By the late 1970s, the famed nearly 50-foot tall Cyclorama painting of the Battle of Atlanta during the Civil War was moldy, wet, and rotting in places and making its way toward a landfill somewhere. It had been donated to the city in 1898, after its debut in 1885, much of the novelty of the 360-foot moving circular portrait had worn off. And in the decades since, Atlanta, a city nearly destroyed in the aftermath of that same battle, could not quite decide what to do with it.
1939 would bring the world premiere of "Gone with the Wind," to Atlanta. The WPP boys had touched up and made some additions to the diorama several years prior, and after a quip by actor Clark Gable to then-Mayor William B. Hartsfield that the only thing missing from the portrait was him... Hartsfield and the painting curators added a pencil-thin mustache and Rhett Butler to the curio (which remains today).
But by the late 1970s, Atlanta had its first African-American Mayor Maynard Jackson was faced with the choice of junking or salvaging the aging painting, with loud voices calling for each option. Jackson, typically operating with a cooler head, chose to save the painting, raising $11 million from private donors to restore the diorama as well as upgrade the building housing it at Atlanta's Grant Park, outside the entrance to Zoo Atlanta.
Jackson knew that Atlanta school children by the busload would come to see the painting, be reminded of Atlanta's fall and the Union victory, as well as President Abraham Lincoln’s following re-election being central to their own freedom. And Jackson knew that history was true, compared to the final vestiges of Lost Cause mythology, still being taught in some Georgia classrooms.
More recently in 2011, the Atlanta History Center (AHC) came to the rescue of the Cyclorama when later Atlanta Mayor Kasim Reed was no longer certain that owning and maintaining the diorama still benefitted the city. The AHC's masterful restoration has to be seen to be fully appreciated, as the History Center expended more than $ 35 million relocating, restoring, and producing the now incredible museum exhibit which surrounds and showcases the painting, part of a $75-million expansion of the History Center campus in Buckhead.
And now, the Atlanta History Center is entering the digital and film-making arenas, with the first in a planned series of documentary Originals, and the first, just-released Monument: The Untold Story of Stone Mountain. This incredibly well-produced film is broken into segments, in total just under 40 minutes long.
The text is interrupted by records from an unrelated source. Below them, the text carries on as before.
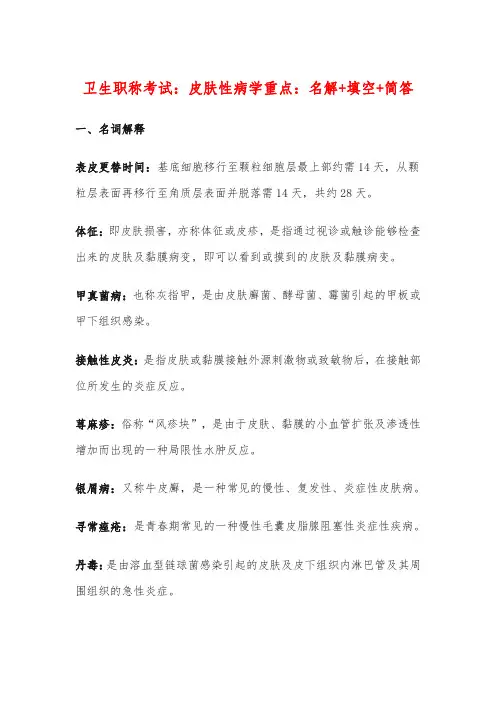 卫生职称考试：皮肤性病学重点：名解+填空+简答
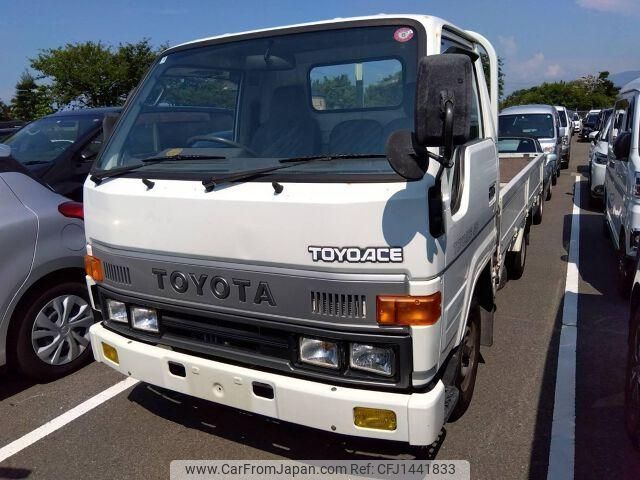 toyota toyoace 1992 GOO_NET_EXCHANGE_1300047A20240808D004 image 1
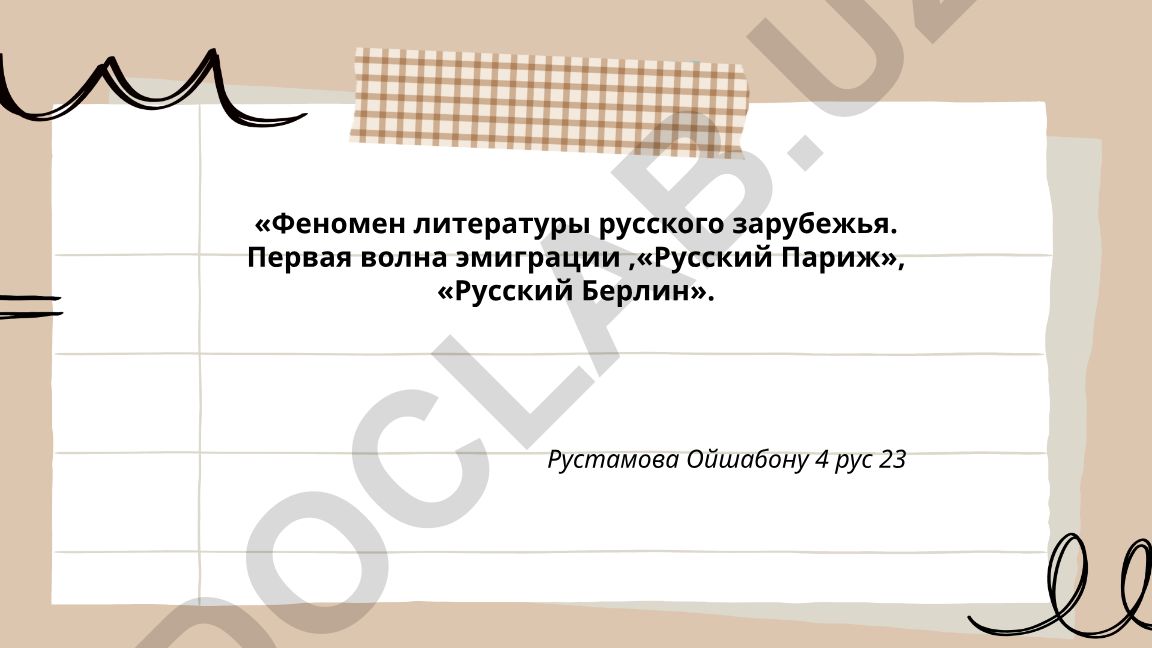 Феномен литературы русского зарубежья: первая волна эмиграции, Русский Париж и Русский Берлин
The focus of the piece is on the times and motivation for the state purchase of Stone Mountain, and the later completion of the carving, originally begun during the 1920s, with threads of racism, the Klu Klux Klan, and resistance to integration as well as fighting the end of the Jim Crow era woven well into its fabric. The carving was completed and dedicated in 1970. (https://www.atlantahistorycenter.com/monument/)
Stone Mountain had been an Indian burial ground, and later a productive granite quarry, as well as a local tourist attraction, but following the state's purchase of the mountain and surrounding land in 1955, the intention was to make a bold, national statement, spelled out in old news footage in the documentary of then Georgia Governor Marvin Griffin. Stone Mountain would make for an attention-getting and permanent canvas, with the finished carving larger than Mount Rushmore, and begun by the same sculptor.
And without hushed tones or whispers, the Monument documentary brings forth footage of Klan rallies atop Stone Mountain, as well as words later enshrined in law and made in political stump speeches making more than uncomfortably clear that the original motivations for constructing the edifice might have been less than a pure memorial to those who died fighting for the Confederacy, there was a then present tense secondary message as well.
The Stone Mountain Memorial Association has been making a small but steady number of additions to the park, with a planned 'truth-telling' exhibit of its own planned for Memorial Hall, and overlooking that same carving. Much as Maynard Jackson had hoped, school children are expected to flock there, this time receiving a healthy dose of honesty and hard truths that will hopefully foster dialogues in the classroom, back home, and still later in communities across Georgia and the south. I am glad that the Atlanta History Center has started us down this path, and I know that the SMMA is only going to take that mission further in the years ahead. And that's a truth, as a proud southerner, that I hope we can all learn to become proud of together.